Going To The Root was published in 1992 by Christian Smith and is full of wisdom and great insight. This will be my first of two excerpts from the book.
Discipleship stands at the heart of Christian community. We do not build community primarily for emotional intimacy and social support – although we do experience those things in community. Rather, we build community primarily to follow Christ and to more faithfully and effectively allow God to reign in our lives. That is what makes these communities Christian ones and not just social clubs.
Christianity is a corporate as well as an individual faith. Becoming like Christ is a relational as well as personal process. For this reason, God calls believers to make their faith-journeys together, in small bands of people called “church.” For our own well-being and growth, we need the benefit of each others’ spiritual gifts, encouragements, role modeling, and challenges.
It is largely by sharing our lives in relationship together over time that God strengthens our faith, builds our character, and shapes us into the people we are meant to be. This makes sense, since most Christian virtues and fruits of the Spirit to which we are called-love, service, gentleness, humility, self-giving, patience, kindness, forgiveness-are expressed in relationships, not in isolation.
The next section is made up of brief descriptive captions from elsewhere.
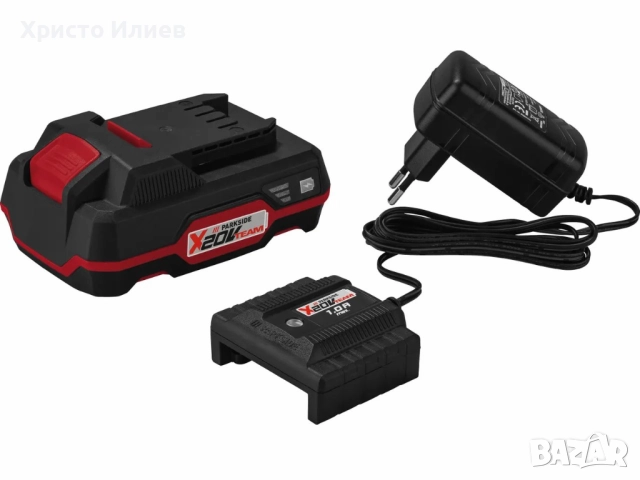 Parkside Акумулаторен пробивен винтоверт 20V Li-Ion PBSA 20-Li A1 батерия и зарядно, снимка 3 - Винтоверти - 51652300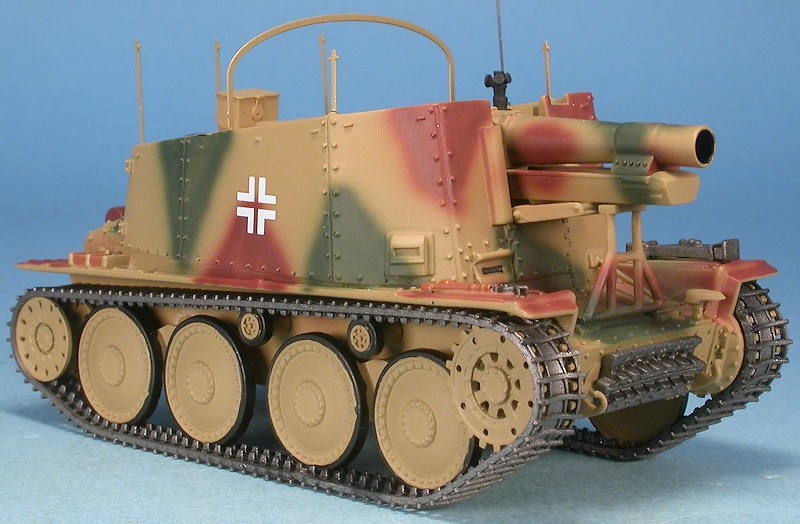 Sturmpanzer 38(t) Assault Gun Grille 38(t) Ausf.H Sd.Kfz.138/1, Panzer Lehr Division Normandy, 1944, 1:48, Gasoline 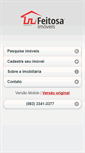 Mobile Screenshot of imobiliariafeitosa.com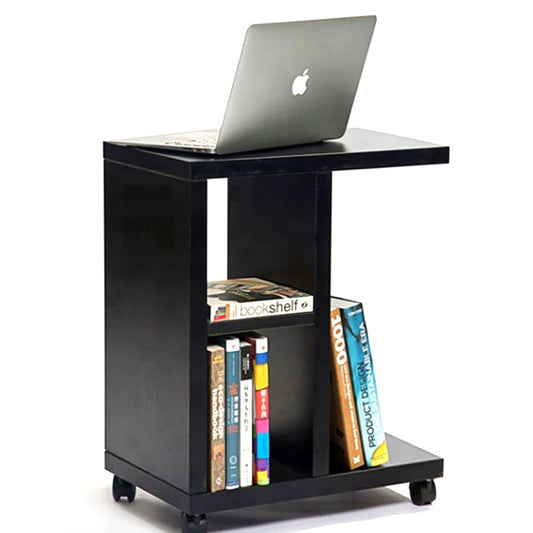 Edge Side Table w/Shelves & Casters - 3 Cols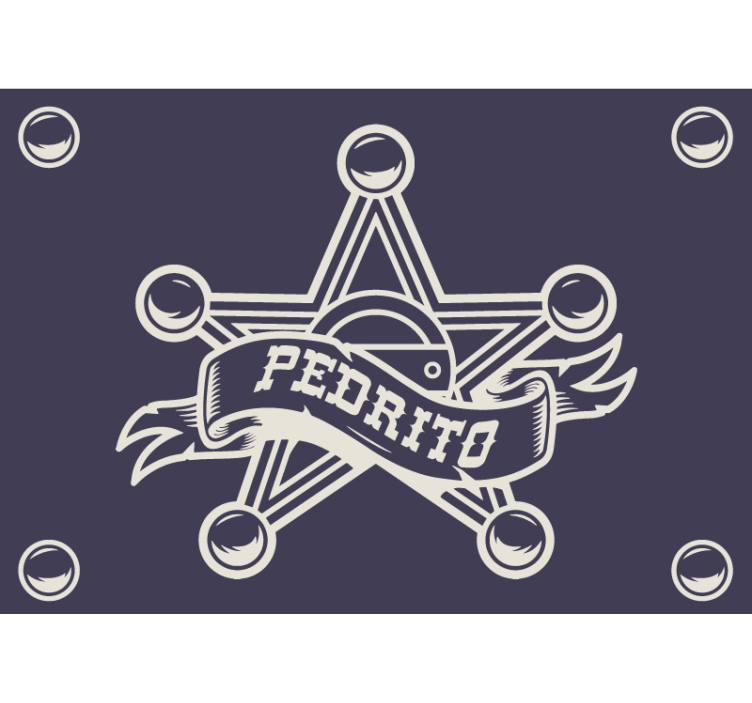 Çocuk odası duvar reslim Özel Şerif rozeti - TenStickers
A key aspect of discipleship in Christian community is personal accountability. In community, we learn to be accountable. We learn, literally, to give an account to others. Accountability means that we can ask each other what is going on in our lives, how we are doing, or what is the state of our souls. And we can expect an honest answer.
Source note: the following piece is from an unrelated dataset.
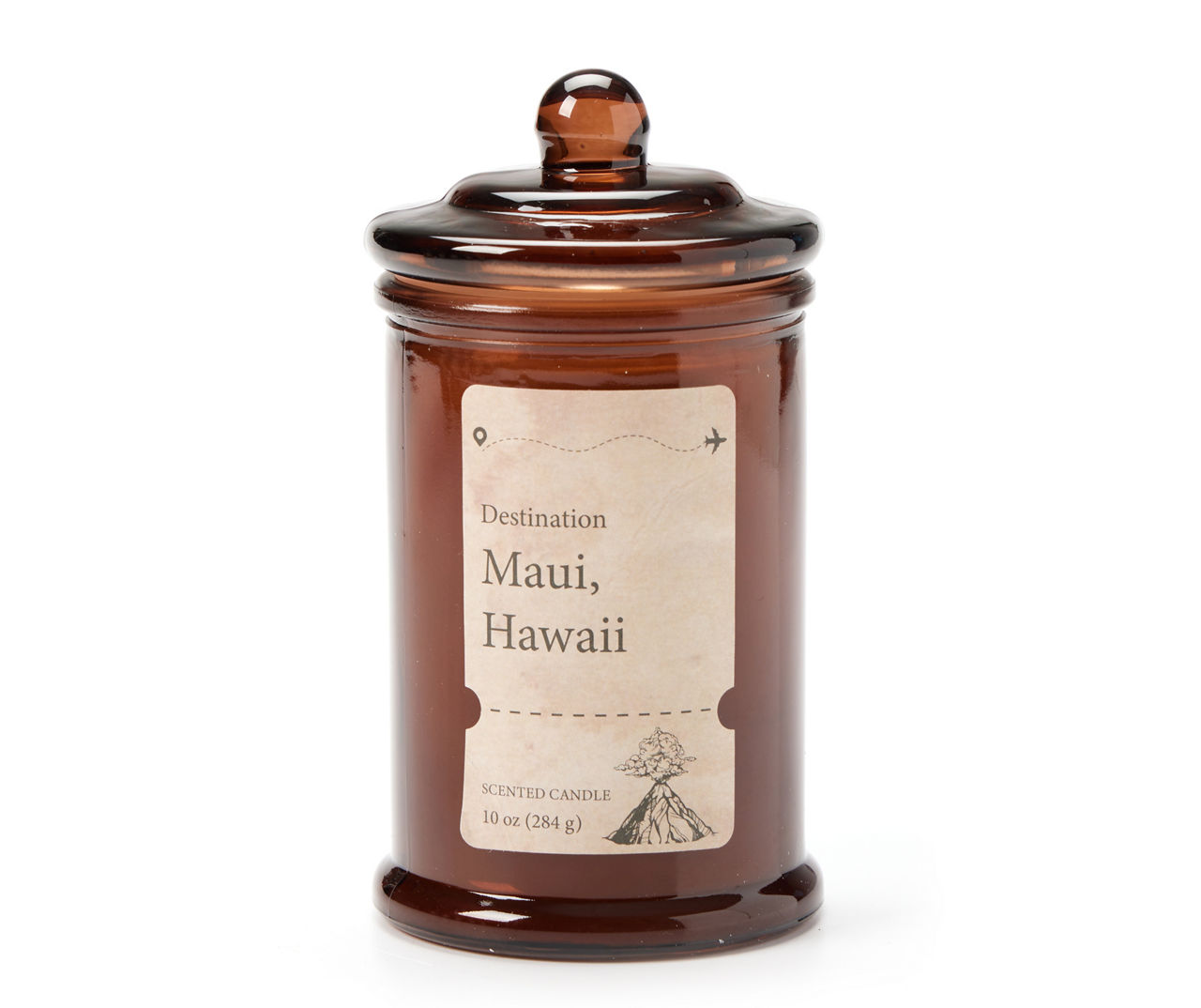 Maui Pineapple Flower Brown Apothecary Jar Candle, 10 oz. Big Lots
Accountability also means that we can confront each other and be reconciled when we disappoint, anger, or hurt each other. Finally, accountability means that when we live irresponsibly or sinfully, we can admonish each other without fear of ruining our relationships.
Accountability in community rejects Lone Ranger Christianity. It repudiates privatized, individualistic faith. Accountability instead acknowledges our human and spiritual interdependence. It admits that our actions and attitudes affect each other deeply. We thus have a basic responsibility to each other.
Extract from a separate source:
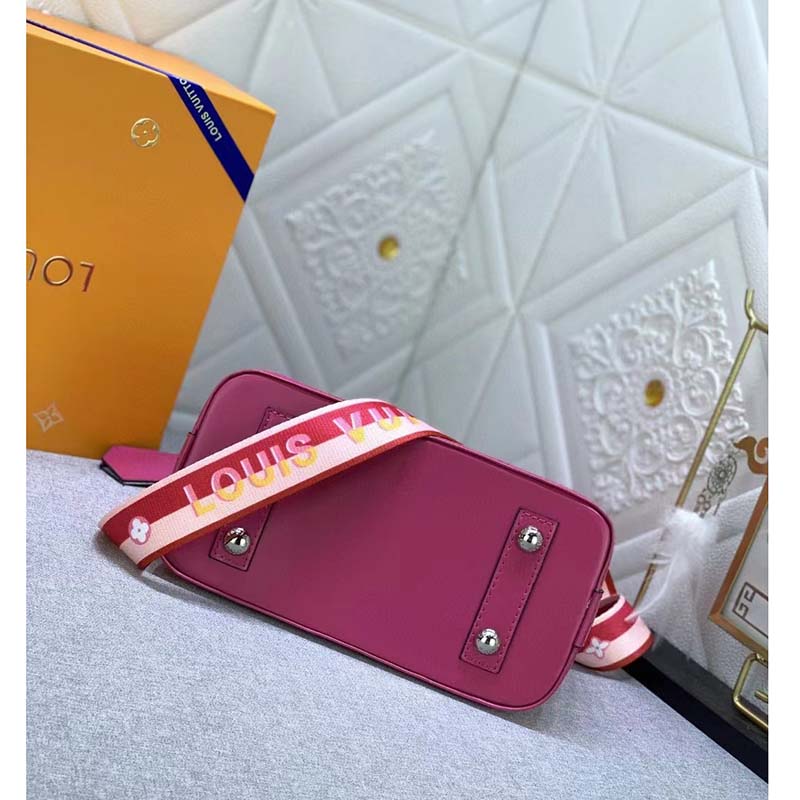 Louis Vuitton LV Women Alma BB Handbag Pink Epi Grained Cowhide Leather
Accountability recognizes that believers need each other’s help and support in pursuing the kingdom of God. It knows we all have blind spots that others we know and trust can help us with. Being accountable means not saying “Mind your own business” but being instead willing to work through issues and problems until we reach unity and love.Being held accountable is often difficult. Holding another accountable can be even harder. Accountability is unnatural for those of us raised in an individualistic, freedom-oriented, North American culture. Accountability is not an attempt to bully or police each other, however. It simply aims to build responsible, loving relationships in the context of Christian discipleship. Although accountability may not be quickly mastered, it can be learned through practice aided by God’s grace and the community’s support. And when accountability is exercised correctly, it is not a chore, but a deeply rewarding means to strengthen relationships and foster human growth.
In community, believers gradually relearn how to relate to each other according to the principles of the kingdom of God. They learn, for example, how to really love and serve each other in concrete ways, how to support each other in difficult times. They learn how to admonish and forgive each other for hurts or sins. They learn how to share their resources, and how together to minister God’s mercy and love to broken people in a broken world.
Gradually, as believers learn these things, their communities develop distinct ways of life. They acquire particular patterns of social relations visibly different from those practiced by people in the larger world. The community then becomes a new social reality in which the kingdom of God is expressed, not only in the actions and attitudes of its individuals, but in the culture and social relations of a whole body of people.
By simply living out concrete, alternative social realities, informed by an alternative set of spiritual values, Christian communities witness to the breaking of the kingdom of God into history. By simply being the people of God in this way, communities stand as concrete signs that God is indeed transforming this world by his love and mercy.
Hence, living in Christian community is both a necessary means for pursuing Christian discipleship and the natural result of a body of people shaping their lives according to God’s kingdom. Christian community is, in this sense, both the path and the destination for believers.